WORK TO COMPLETE |
Images aside, the whole listing should be written out word for word.

DATA |
───

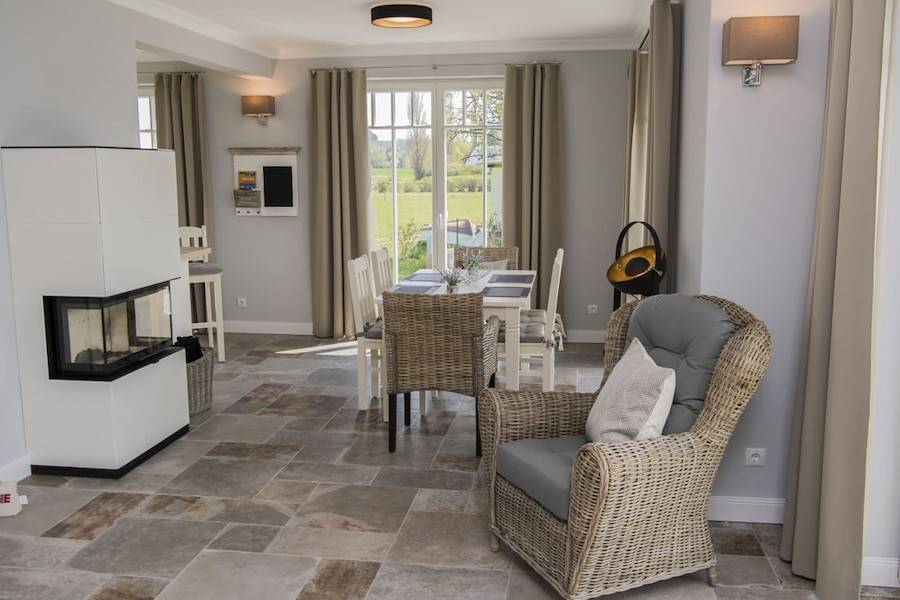 Zeit für eine Auszeit vor dem knisternden Kamin.
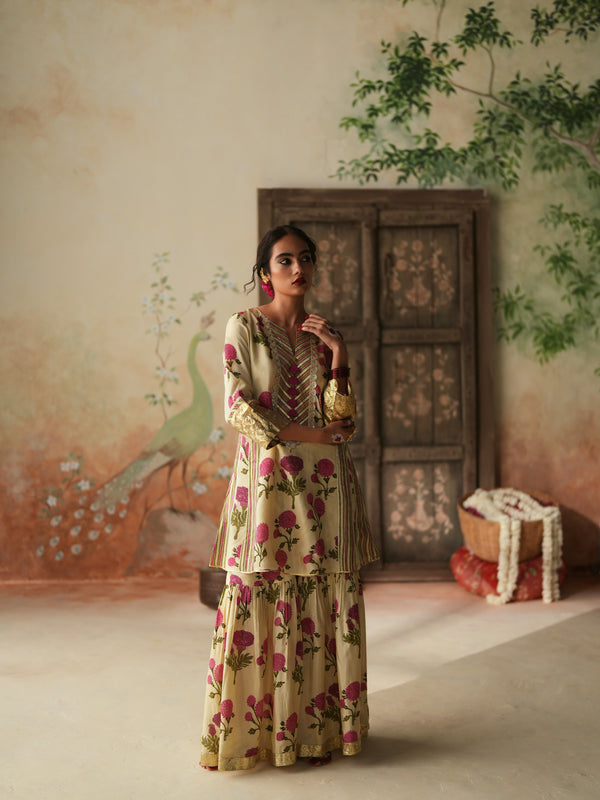 RANI PINK GENDA PHOOL SHORT KALIDAAR KURTA WITH GHARARA AND DUPATTA (SET OF 3)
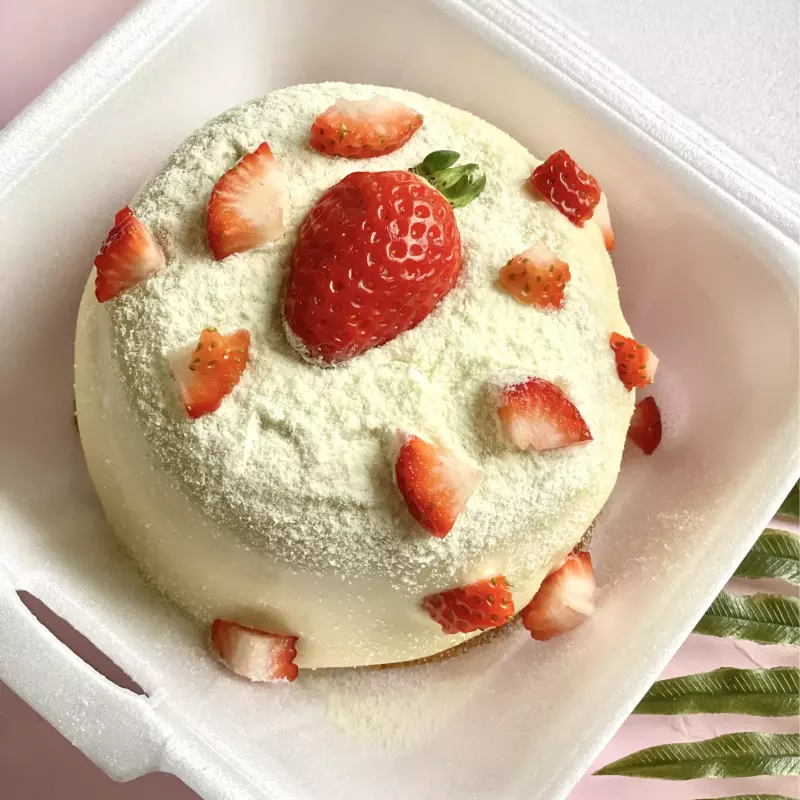 Bolo Mini Vulcão Ninho com Morango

───

ANSWER AREA |
 Zeit für eine Auszeit vor dem knisternden Kamin.
 RANI PINK GENDA PHOOL SHORT KALIDAAR KURTA WITH GHARARA AND DUPATTA (SET OF 3)
 Bolo Mini Vulcão Ninho com Morango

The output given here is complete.